Тогда же и случились первые литературные опыты. Писалось в муках, в состоянии огорошенности от появления опусов на свет, они были обильно смочены слезой от первых влюблённостей…
И вдруг – Москва! Учёба в Бауманке, огромная любовь, потрясшая основу бытия, музыка, камерные хоры с гастролями и – стихи, и – небольшие рассказы!
Однажды, прилетев на короткую побывку к обожаемым родителям, случайно оказалась на литературном конкурсе на Украине – и победила! Состояние шока. Неожиданная окрылённость занесла в редакцию «Юности», где по рекомендации маститых украинских «виршистов» и пропечаталась.

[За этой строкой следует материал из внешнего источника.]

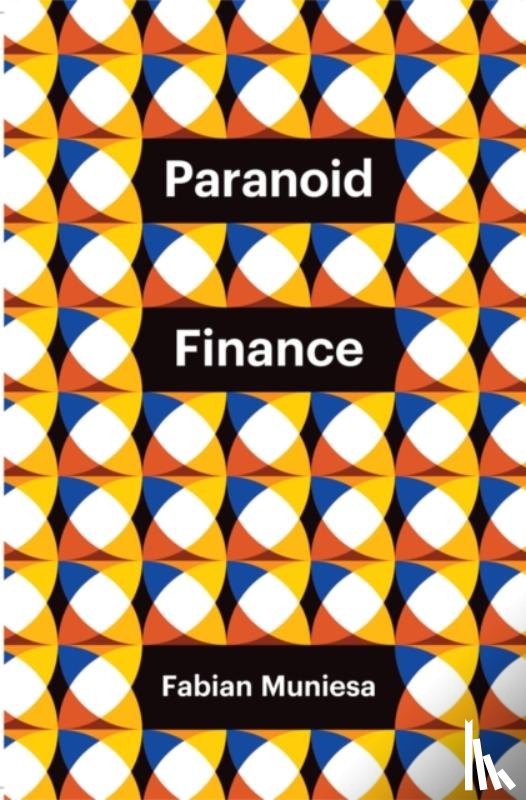 Muniesa, Fabian (Ecole Des Mines De Paris - Paranoid Finance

Писалось хорошо везде – на тесной кухоньке в хрущёвской «двушке» – шумной и прокуренной квартирке студенческой семьи, на конференциях, на пне в походных условиях, под гитару и портвейн, у детской постели с посапывающими во сне дочечками.
Выходили подборки на Украине, в России. Литературные семинары, литературные друзья на всю жизнь…

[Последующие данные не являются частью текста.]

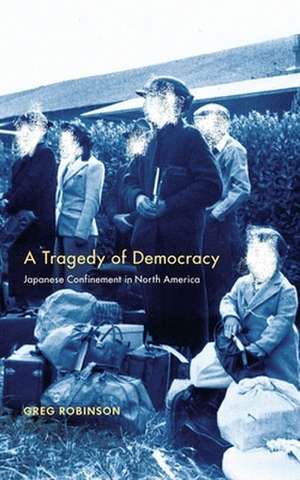 A Tragedy of Democracy – Japanese Confinement in North America de Greg Robinson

А потом всё кончилось. И был Израиль, и было синее-синее небо, и пальмы, и море. И скалы пустыни Негев с горными козлами на склонах, и библейские тропы, по которым ходил Бог…

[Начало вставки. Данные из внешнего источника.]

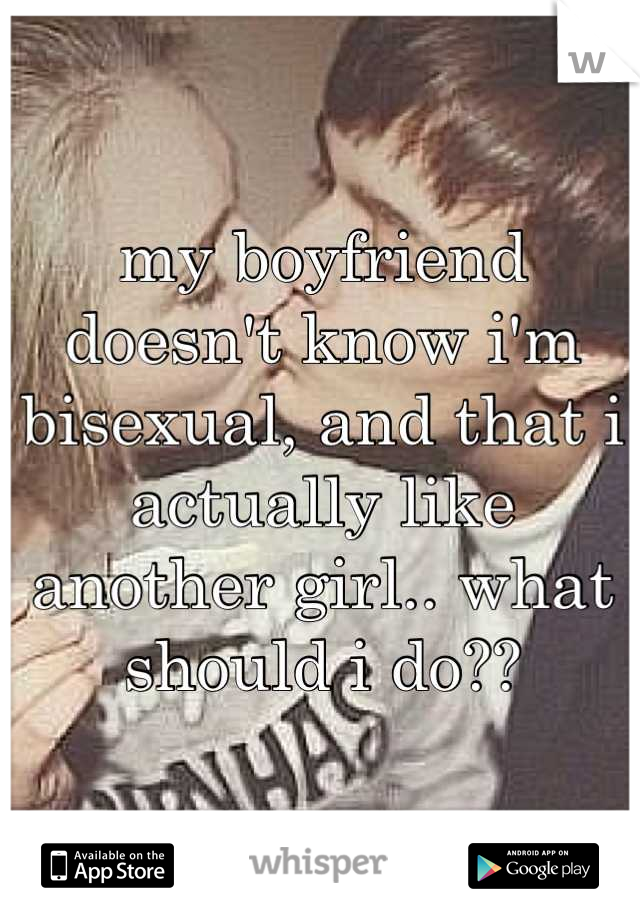 my boyfriend doesn't know i'm bisexual, and that i actually like another girl.. what should i do??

Имею я и свою аудиторию, и десятки тысяч горячо любимых мною читателей, которые заходят на мою литературную страничку в инете.
Мой второй «израильский» муж понимает понемногу мой родной язык, но не настолько, чтобы понять всю глубину моей радости, когда что-то из пролившегося на виртуального читателя вдруг прорывается на главные страницы медии. Он просто радуется вместе со мной и тихо гладит меня по голове, когда я читаю ему новорожденное, переводя каждое слово…
Романс
Я сегодня – Ван Гог,
мои тени деревьев красны,
на руках – фиолетовым пламенем
вспучены вены…
И расхристанный бог
рыжей с синим забытой весны
мне картины рисует – как в знамени
юной вселенной!
Мне сегодня видны
ярко-розовый цвет облаков,
что надеты, как бусы, на неба
зелёного дали
и лиловой луны
очарованной диск, и цветов,
опадающих чёрным, как небыль,
созвездья печали…
Подчиняется мне
всей палитрой усвоенных лет
суть знамений, влюблённостей полных,
предсказанной доли.
И уже прорисован вчерне
яркой масляной краской сюжет:
моя жизнь – как тот жёлтый подсолнух
на ветренном поле…[1]
Гора Свержения[2]. Парю, стою над бездною,
на цикломены не смотрю (цветут, прелестные!),
на сотни сосен и камней (так… украшение…).
На гору гнали главарей – для устрашения.
А он тогда стоял на краешке, непризнанный,
и на него вовсю глядел весь город «избранный»!
«Ворона белая», изгой в своём отечестве,
на край скалы привёл простое человечество
и показал всем им, отвергнувшим познание,
что – смел и мудр, неуязвим и горд изгнанием!
Там кто-то подлый подтолкнул, и в полдень ветренный
пророк бесстрашно сиганул в своё бессмертие!
А может быть, слова нашёл душою любящей
и молча сквозь толпу прошёл к Голгофе будущей…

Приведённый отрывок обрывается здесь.